Calculator Input
Example Data Table
| Study Case | True Positive | False Positive | False Negative | True Negative | Sensitivity | Specificity |
|---|---|---|---|---|---|---|
| Community screening | 80 | 20 | 10 | 90 | 88.89% | 81.82% |
| Clinic assessment | 120 | 15 | 25 | 140 | 82.76% | 90.32% |
| Rapid field test | 45 | 30 | 5 | 220 | 90.00% | 88.00% |
Formula Used
Sensitivity = TP / (TP + FN)
Specificity = TN / (TN + FP)
Positive Predictive Value = TP / (TP + FP)
Negative Predictive Value = TN / (TN + FN)
Accuracy = (TP + TN) / Total
Prevalence = (TP + FN) / Total
False Positive Rate = FP / (FP + TN)
False Negative Rate = FN / (FN + TP)
Positive Likelihood Ratio = Sensitivity / (1 - Specificity)
Negative Likelihood Ratio = (1 - Sensitivity) / Specificity
Diagnostic Odds Ratio = Positive Likelihood Ratio / Negative Likelihood Ratio
Youden Index = Sensitivity + Specificity - 1
Wilson score intervals are used for proportion confidence limits.
How to Use This Calculator
Enter the four values from a two by two table.
Use true positives for diseased people with positive results.
Use false positives for healthy people with positive results.
Use false negatives for diseased people with negative results.
Use true negatives for healthy people with negative results.
Select a confidence level and decimal precision.
Press Calculate to view results above the input form.
Use CSV or PDF buttons to save the current output.
Understanding Epidemiology Screening Test Results
Purpose of Screening Measures
Epidemiology screening tests help researchers compare a test result with true disease status. The basic table has four counts. These counts are true positives, false positives, false negatives, and true negatives. From them, the calculator estimates the main measures used in screening studies.

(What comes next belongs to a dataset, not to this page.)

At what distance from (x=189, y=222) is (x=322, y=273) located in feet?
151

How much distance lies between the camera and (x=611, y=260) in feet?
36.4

Sensitivity and Specificity
Sensitivity shows how well a test finds people with disease. A high value means fewer diseased cases are missed. Specificity shows how well a test identifies people without disease. A high value means fewer healthy people receive positive results. These two measures describe test performance against real disease status.
Predictive Values
Positive predictive value shows the chance of disease after a positive result. Negative predictive value shows the chance of no disease after a negative result. These values depend strongly on prevalence. The same test can have different predictive values in different populations. This is important when moving a tool from clinics to communities.
Likelihood Ratios
Likelihood ratios summarize how much a result changes disease suspicion. A larger positive likelihood ratio supports disease after a positive test. A smaller negative likelihood ratio supports ruling out disease after a negative test. These measures are useful because they connect screening results with clinical probability.
Accuracy and Prevalence
Accuracy is the share of all correct classifications. It can look high when disease is rare. That is why sensitivity, specificity, and predictive values should also be reviewed. Prevalence shows how common disease is inside the tested sample.
Confidence Intervals
Confidence intervals show uncertainty around proportion estimates. Small samples usually give wider intervals. Larger samples usually give narrower intervals. This calculator uses Wilson score intervals for sensitivity, specificity, predictive values, and accuracy. Reports should include both point estimates and intervals.
Interpreting the Output
A strong screening test should fit its purpose. Some programs prefer high sensitivity to reduce missed cases. Others need high specificity to reduce unnecessary follow-up. The best threshold depends on disease severity, cost, risk, and available care. Use these results as a study aid, not medical advice.
FAQs
What is a screening test calculation?
It converts a two by two disease table into performance measures. These include sensitivity, specificity, predictive values, likelihood ratios, accuracy, and prevalence.
What does sensitivity mean?
Sensitivity measures the proportion of diseased people correctly identified by the test. Higher sensitivity means fewer false negative results.
What does specificity mean?
Specificity measures the proportion of non-diseased people correctly identified as negative. Higher specificity means fewer false positive results.
Why are predictive values important?
Predictive values describe what a positive or negative result means for tested people. They change when disease prevalence changes.
What is a positive likelihood ratio?
It shows how much a positive test result increases disease likelihood. Higher values give stronger evidence for disease presence.
What is a negative likelihood ratio?
It shows how much a negative test result lowers disease likelihood. Smaller values give stronger evidence against disease presence.
Why does prevalence affect results?
Prevalence changes predictive values. Rare disease often lowers positive predictive value, even when sensitivity and specificity are good.
Can this calculator replace clinical judgment?
No. It supports statistical review of screening data. Clinical decisions need professional judgment, patient history, and validated medical guidance.